• [Task item]: From the records below, transcribe only the lines running from the one with "Artist’s rendering of" through the one with "Top view of". Keep both of those end lines.

• [Data to process]:
***
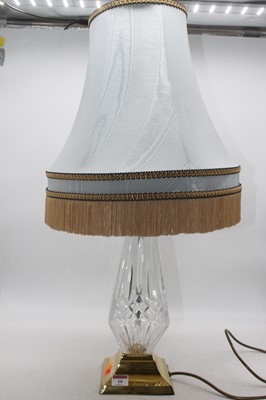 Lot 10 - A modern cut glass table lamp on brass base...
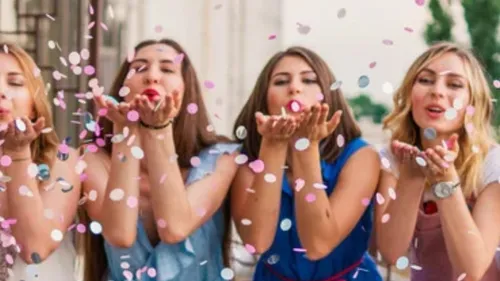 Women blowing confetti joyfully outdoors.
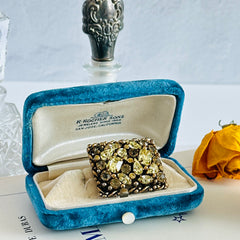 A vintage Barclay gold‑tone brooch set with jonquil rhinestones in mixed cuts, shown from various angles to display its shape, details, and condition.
***
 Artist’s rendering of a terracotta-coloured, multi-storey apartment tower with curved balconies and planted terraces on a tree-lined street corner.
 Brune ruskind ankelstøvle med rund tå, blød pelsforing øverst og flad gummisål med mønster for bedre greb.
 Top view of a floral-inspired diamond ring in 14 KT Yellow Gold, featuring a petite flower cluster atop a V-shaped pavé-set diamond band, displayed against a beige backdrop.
***
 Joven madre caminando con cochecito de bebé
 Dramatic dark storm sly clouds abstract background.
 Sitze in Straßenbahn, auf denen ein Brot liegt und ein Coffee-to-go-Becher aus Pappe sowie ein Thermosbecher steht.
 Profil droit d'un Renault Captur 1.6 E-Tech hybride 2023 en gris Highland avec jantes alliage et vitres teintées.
***
• [Reply to the exercise]:
 Artist’s rendering of a terracotta-coloured, multi-storey apartment tower with curved balconies and planted terraces on a tree-lined street corner.
 Brune ruskind ankelstøvle med rund tå, blød pelsforing øverst og flad gummisål med mønster for bedre greb.
 Top view of a floral-inspired diamond ring in 14 KT Yellow Gold, featuring a petite flower cluster atop a V-shaped pavé-set diamond band, displayed against a beige backdrop.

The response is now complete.